Et je reprends une activité que j’avais exercée quand j’étais étudiant chez un ami russe de longue date : chauffeur de grande remise.
Je pilotais et coachais des personnalités, russes pour la plupart, de passage à Paris. C’est ainsi que j’ai accompagné pendant une dizaine de jours Mikhaïl Kalachnikov, le célèbre créateur du fusil-mitrailleur qui, en fait, s’est révélé quelqu’un de très intéressant, érudit, et même poète à ses heures.
Après avoir travaillé pendant plusieurs années avec feu mon ami historien Pierre Rosniansky, nous avons traduit en français les mémoires de mon grand-père, le général Paul Kourloff sous le titre « l’Agonie de la Russie impériale » et nous les avons publiées chez l’Harmattan en 2015.
Février 2017 : Décès de ma maman chérie.
En octobre 2017, en vue de mon ordination diaconale, j’épouse religieusement Marie-Noëlle en ma paroisse à Paris.
En 2020, année de triste mémoire à cause de l’affreuse pandémie du coronavirus, je sors mon C.D. « Lumières d’antan . Micha Komarov ».

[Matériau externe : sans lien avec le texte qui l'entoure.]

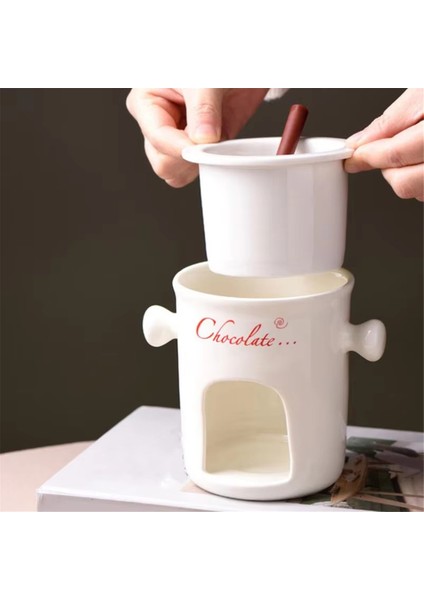 Fondü Kupa Seramik Çikolata Eritme Fondü Tenceresi Çikolata Fondü Kupaları Atıştırmalık Şekerleme Çikolata Eritme Tenceresi Beyaz (Yurt Dışından) indirimleri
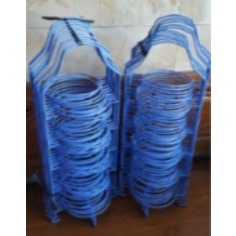 5pcs / bj tentengan piring hajatan susun 5 besi anti karat / tatakan piring susun 5 anti karat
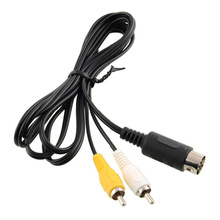 Cabo de vídeo para sega master system 1 e megadrive 1 tv/av rca, cabo de transporte rápido 2024 - compre barato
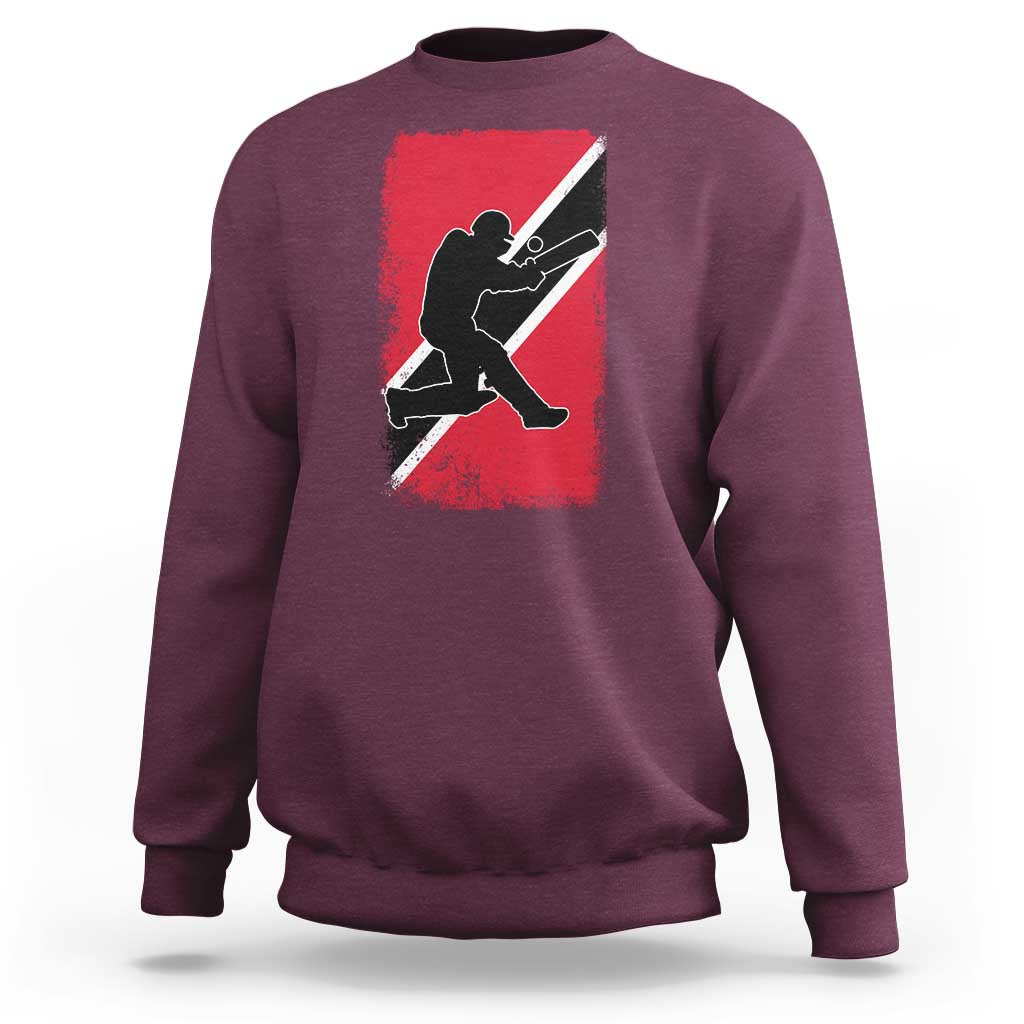 Trinidad and Tobago Cricket Sweatshirt Retro Vintage Sport Trini Trinidadian Flag Cricket Fan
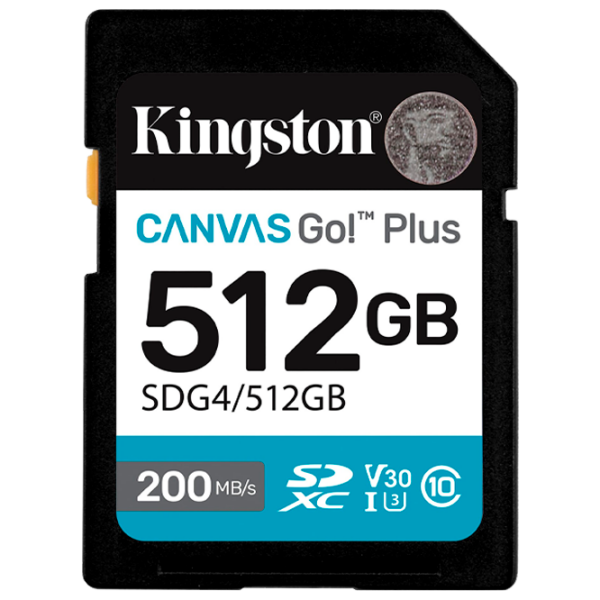 SD Kingston Canvas Go! Plus Gen 4 512 ГБ  photo 1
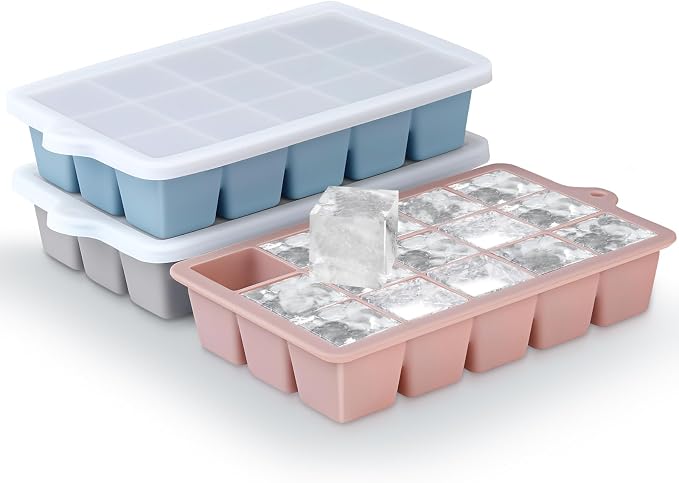 Silicone Ice Cube Trays 3Packs, Easy Release Ice Cube Molds by Unknown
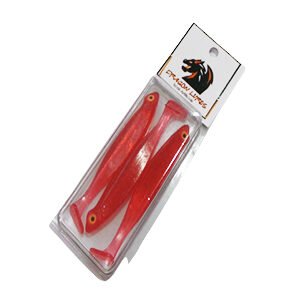 Shad Manjuba 7 cm Vermelho Blister
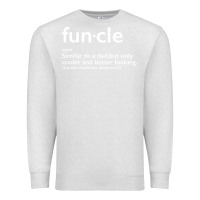 Oatmeal Heather funcle Premium Sweatshirt - linhVisuals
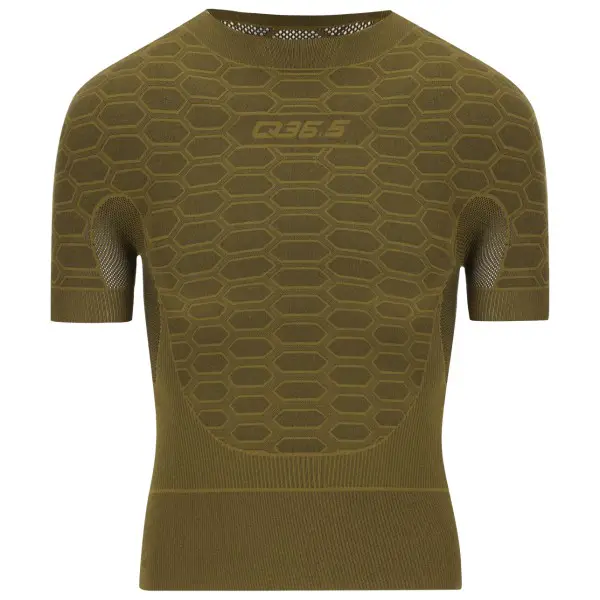 Q36.5 - Base Layer 2 Short Sleeve - Kunstfaserunterwäsche Gr XXS/XS oliv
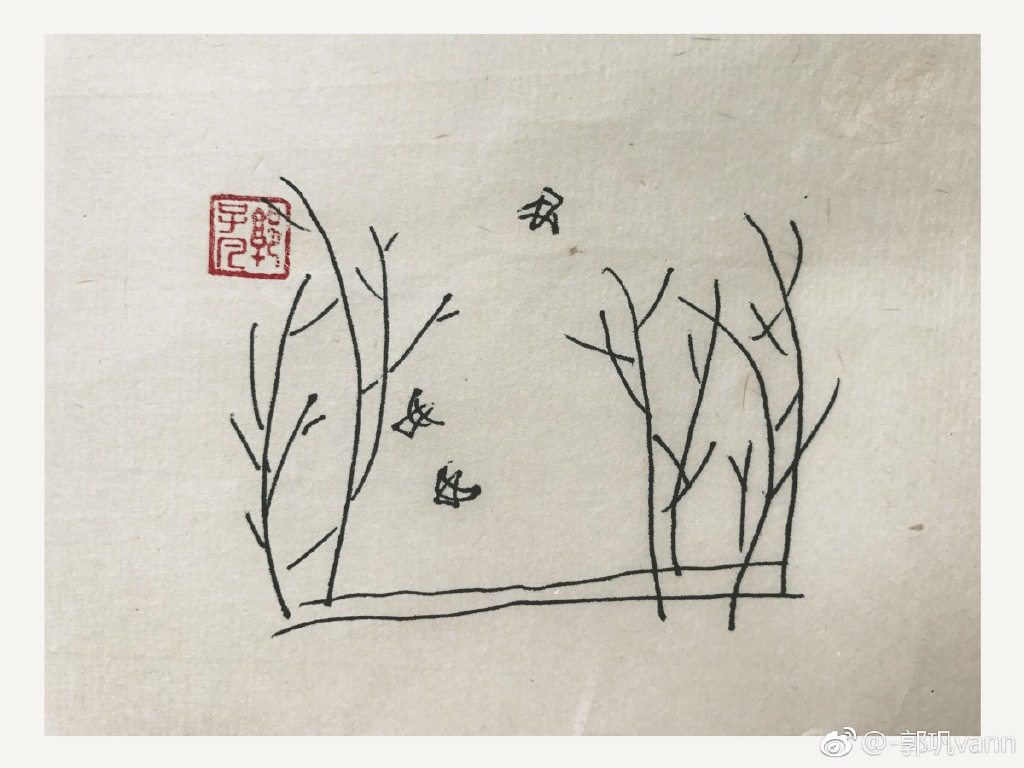 一组超简单的风景简笔画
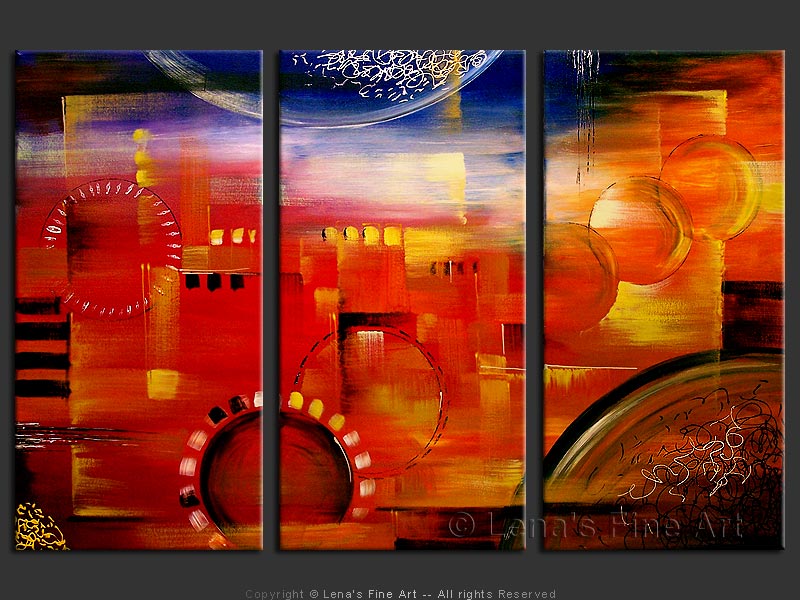 Original Artwork - When The Sun Goes Down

Depuis tout petit, je chante. J’ai chanté autour des feux de camp chez les « Vitiaz » où j’étais clairon. J’ai chanté dans le chœur d’Ariane Gabard. J’ai chanté pour mes parents, pour mes amis. J’ai chanté dans mes restaurants. J’ai chanté salle Gaveau à Paris, lors des soirées organisées par mon ami Wladimir Fedorovsky. J’ai chanté avec mon fils, avec presque tous les musiciens russes de Paris. Je chante aux concerts d’Olga Zimovetz à Nancy. J’ai toujours chanté. Au soir de ma vie, j’ai décidé d’enregistrer un album avec des musiciens exceptionnels.
Le 8 janvier, j’ai été ordonné Diacre par le Métropolite Jean en la cathédrale St Alexandre Nevsky.
J’ai atteint la consécration, tant sur le plan artistique avec ce disque que sur le plan spirituel avec cette ordination.
Je pense que feus mes parents, mon fils, mes amis sont fiers de moi.
Aujourd’hui, mon vœu le plus cher serait de faire une retraite dans un couvent de ma chère Russie afin de pratiquer, d’améliorer et de me familiariser avec le Diaconat.